Hareket yoğunluğunun artması gerektiğine dikkat çeken Spor Danışmanı Levent İnce şu bilgileri verdi: “Dünya Sağlık Örgütü ve Amerikan Spor Hekimliği Koleji (WHO-ACSM) tarafından yapılan uzun çalışmalar sonucunda hareket eden kişilerin, hareket etmeyenlere göre kemik yoğunluklarının daha fazla arttığı gözlendi. Buna göre iyi bir yürüyüş sert ve düz bir zemin üzerinde uygulanabilecek dirence bağlı esnetme hareketleri, ele alınan bir sopa veya uzun bir havlu hatta çamaşırla sırtı arka tarafa doğru gerdirme hareketleri, aletli jimnastik, özellik kemik üzerinde belirli yoğunluğu oluşmasını sağlıyor. Müzik eşliğinde yapılan dans, aerobik gibi egzersizlerde de kemiklerin yoğunluğunun artığını gösteren çalışmalar var. Düşük stresli egzersizler denge ve kuvveti düzenler. Ağırlık taşıyıcı tip egzersizler kas ve kemiklere tansiyon uygulayarak kemik yoğunluğunun yılda yüzde 2-8 kadar artışına neden olur. Sonuç olarak egzersizler vücuttaki hormon ve mineral dengesini düzenleyerek osteoporoz gelişimini yavaşlatıp kemik yoğunluğu üzerinde güçlendirici ve onarıcı etkiler yapar.
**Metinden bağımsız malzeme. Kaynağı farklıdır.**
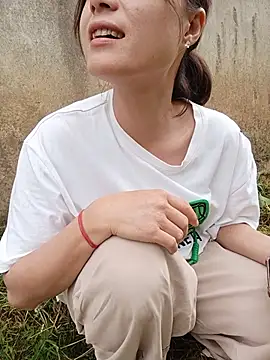 Linda-yiyi webcam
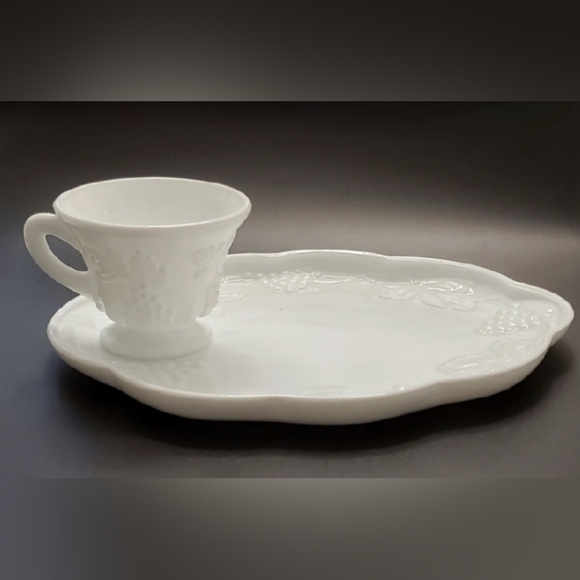 (2pc) Set "Harvest Milk Glass" Bright White Plate/Tray & Cup by Colony - Picture 2 of 12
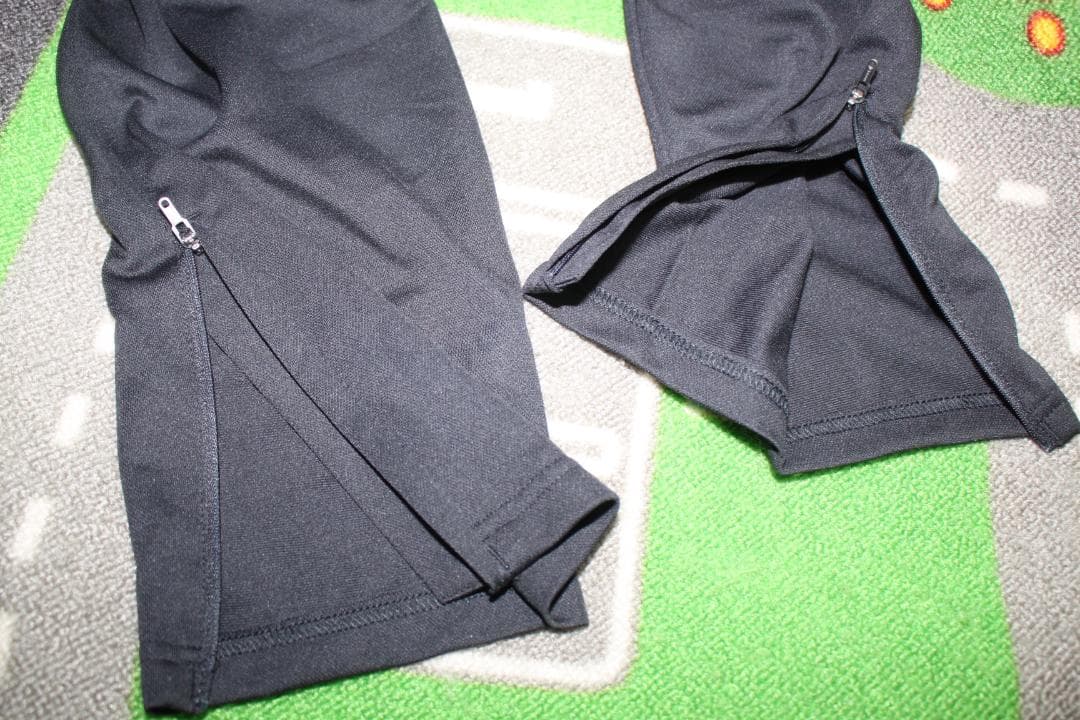 XL　黒　アンダーアーマー　薄手ジャージ上下セット
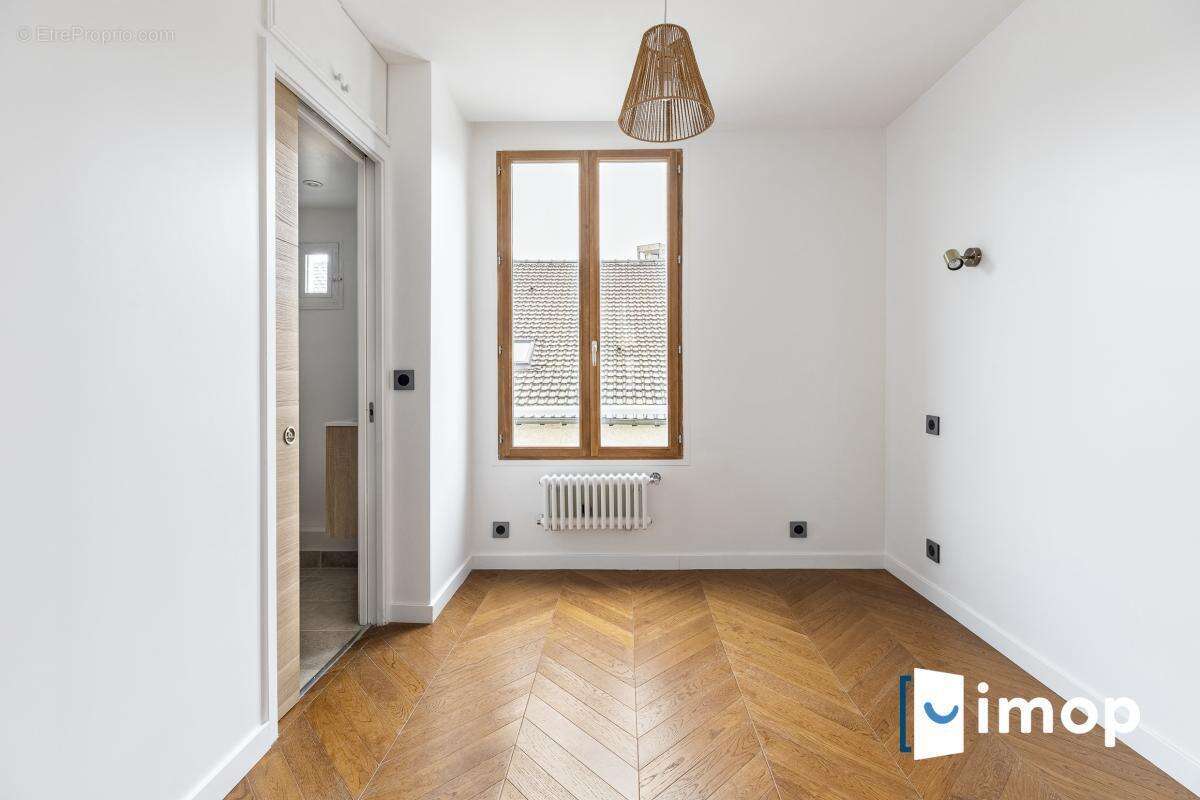 Appartement à PARIS-12E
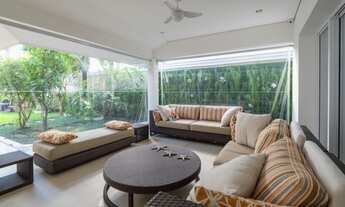 Imagem 6: Casa de condomínio sobrado para venda possui 558 metros quadrados com 5 quartos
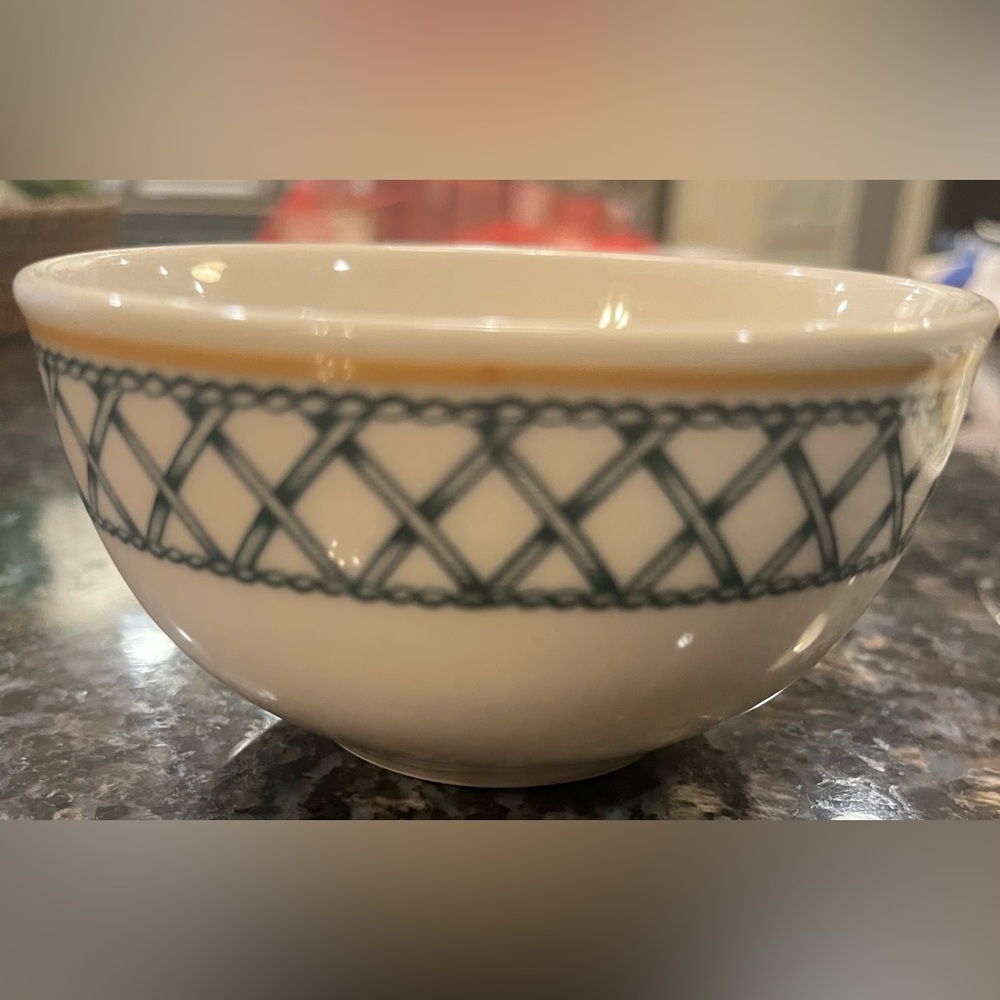 Rego Cream and Green Bowl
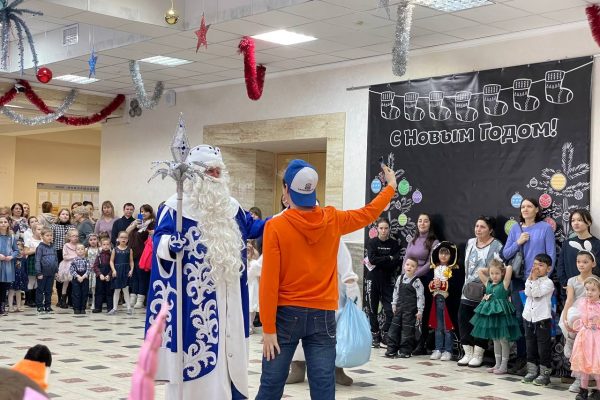 Музыкальную сказку для всей семьи «Тролли против Коли» покажут в ДК Воровского на праздниках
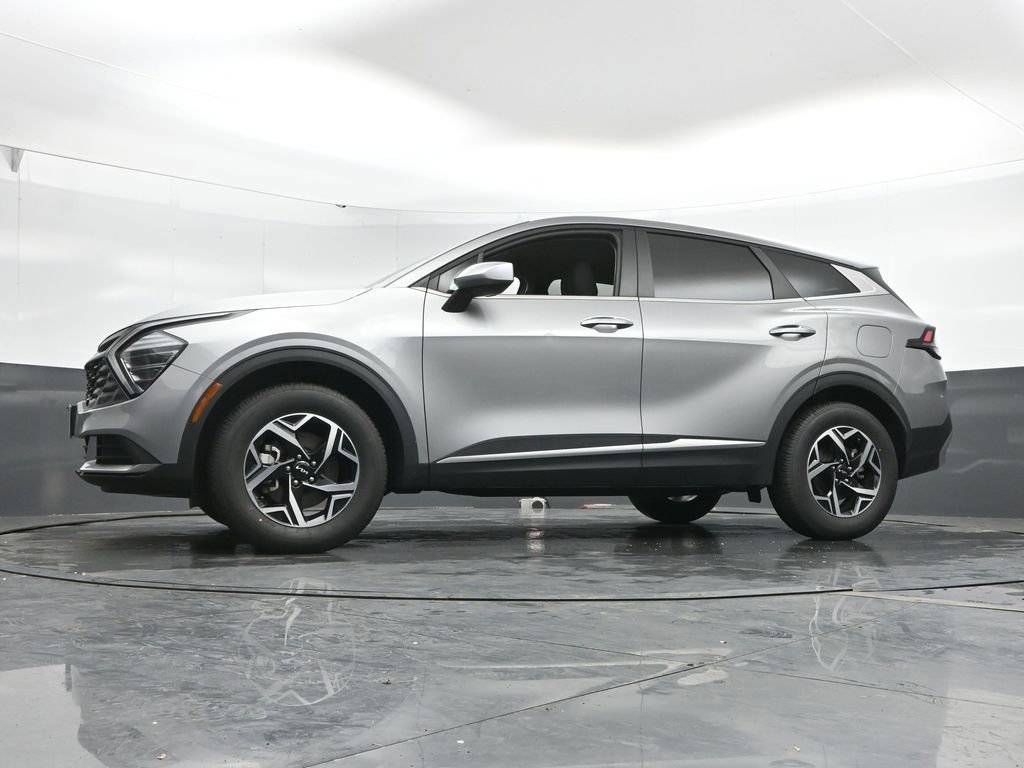 Used 2025 Kia Sportage LX image 48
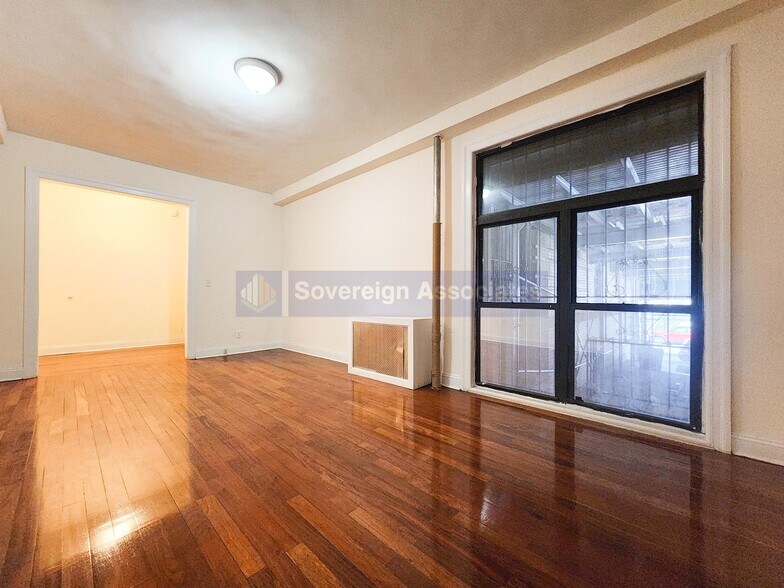 Building Photo - 260 Convent Ave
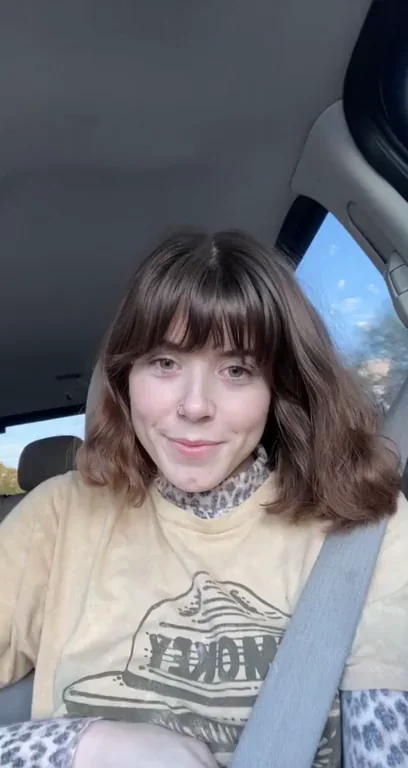 on coming traffic & you get a titty flash today ?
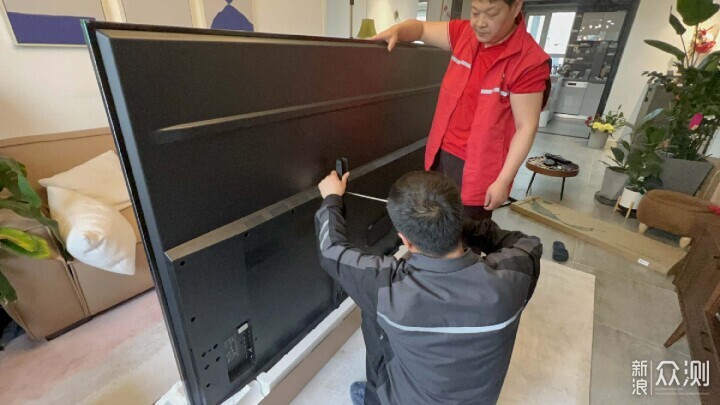 1万多买的百吋电视铺满墙是种什么体验_新浪众测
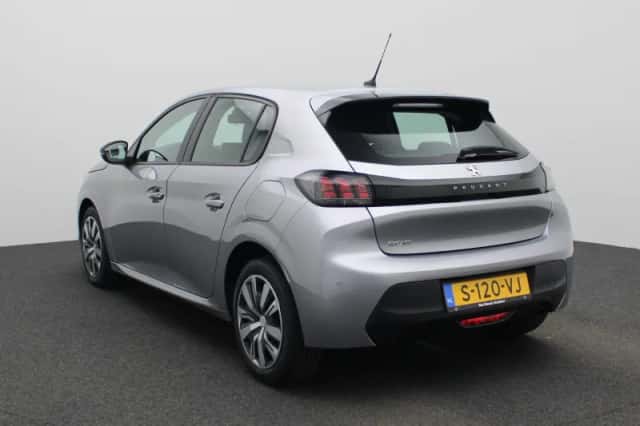 Peugeot 208 (2023) thumbnail 2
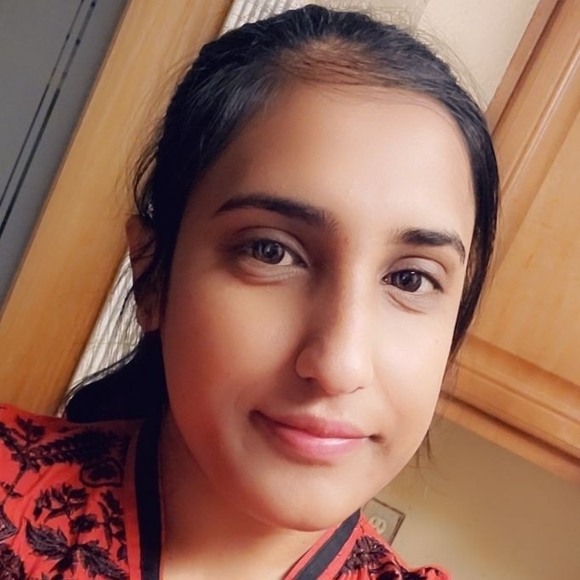 Profile Picture of Sehrish Fatima (@ppearl436) on Poshmark
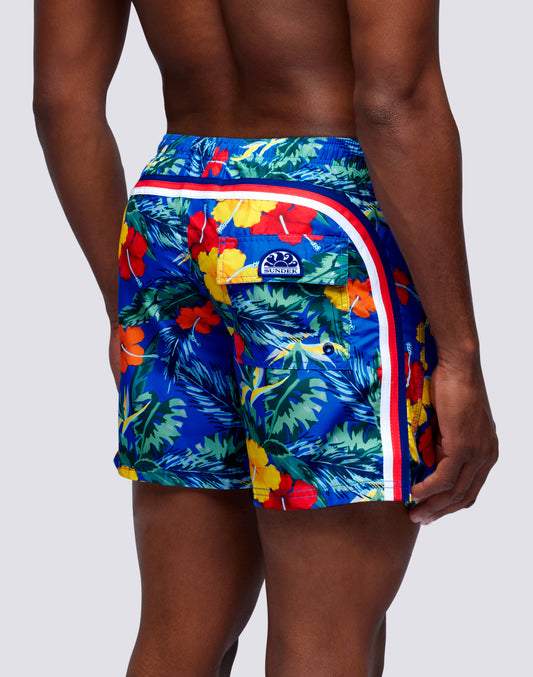 REPREVE® TRAJE DE BAÑO CORTO CON CINTURA ELÁSTICA Y ESTAMPADO MASTERPIECE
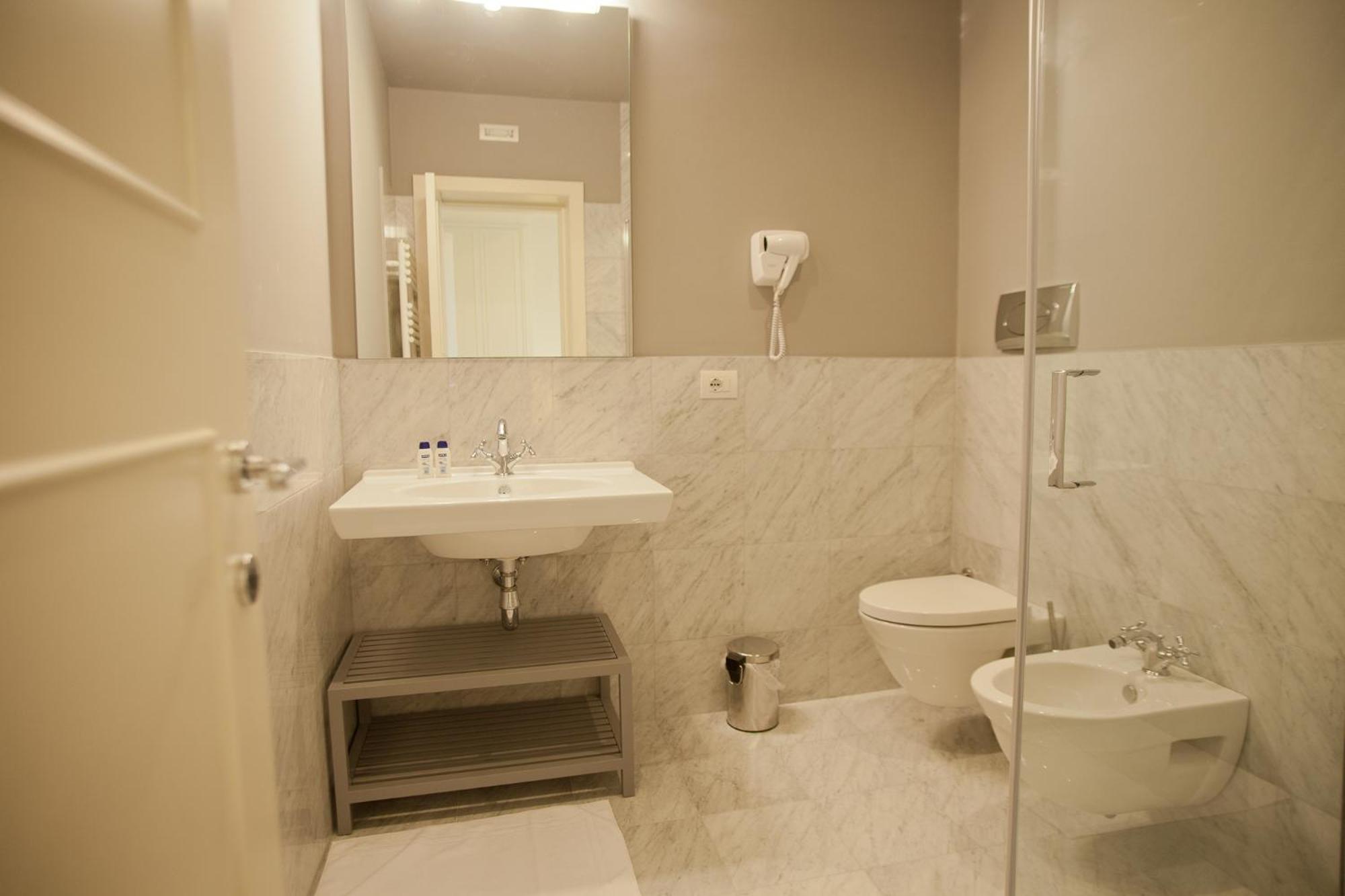 Double Room - Photo 5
KEMİK YIKIMINI AZALTMAK İÇİN EGZERSİZ YAPIN

Osteoporozun önlenmesiyle iyileştirilmesinde kalsiyumdan zengin beslenme ve ilaç tedavisi daha çok kabul edilerek yaygın şekilde kullanılırken egzersizin öneminin henüz anlaşılmadığını belirten Spor Danışmanı ve yaşam koçu Levent İnce osteoporoz gelişimini yavaşlatmada egzersizin çok etkili olduğunu ifade etti. Kadınlar ergenlik çağından önce egzersize başlamalı. Çünkü bu dönemden itibaren kemik kitlesi artar 20-30 yaş arasında ise doruğa ulaşır. Ağırlık kaldırma egzersizleri ise herkese, hatta 80 yaşındakilere bile faydalı. Yapılacak egzersiz bilinçli bir şekilde ve düzenli yapılmalı. “Kemik erimesi özellikle menopozdaki kadınlarda ilaç kullanımı kadar düzenli ve uygun egzersizler de kemik yoğunluğunun artmasına, erimenin durmasına ve ağrıların azalmasına yardımcı olur” diyen Levent İnce şu bilgileri verdi: “Osteopeni ve osteoporozun önlenmesi için ağırlık taşıyıcı tip egzersizler çok yararlı. Beden ağırlığının yer çekimine karşı taşınması bu tür egzersiz gurubuna girer. Joging, yürüyüş, aerobik step, dans, tenis bu tip sporlar. Bu tip egzersizler kemik kitlesinin formasyonunda önemli rol oynar ve kemik kitlesinin maksimal düzeye ulaşmasına katkı sağlar. Kemik yıkımının yavaşlatan en büyük etken hareket etmek. Özellikle birey 3 ay gibi uzun bir süre yatma halinde ise kemik erimesi ortaya çıkar. Modern yaşam koşulları da bizlere daha az hareket imkanları yarattığı için bireyler yürümüyor, bunların yerine her türlü kısa mesafelerde araçları tercih ediyor, merdiven çıkmak yerine asansör veya yürüyen merdivenler gibi kolaylaştırıcı unsurları çok kullanıyor, hareket kavramını giderek azaltıyor.”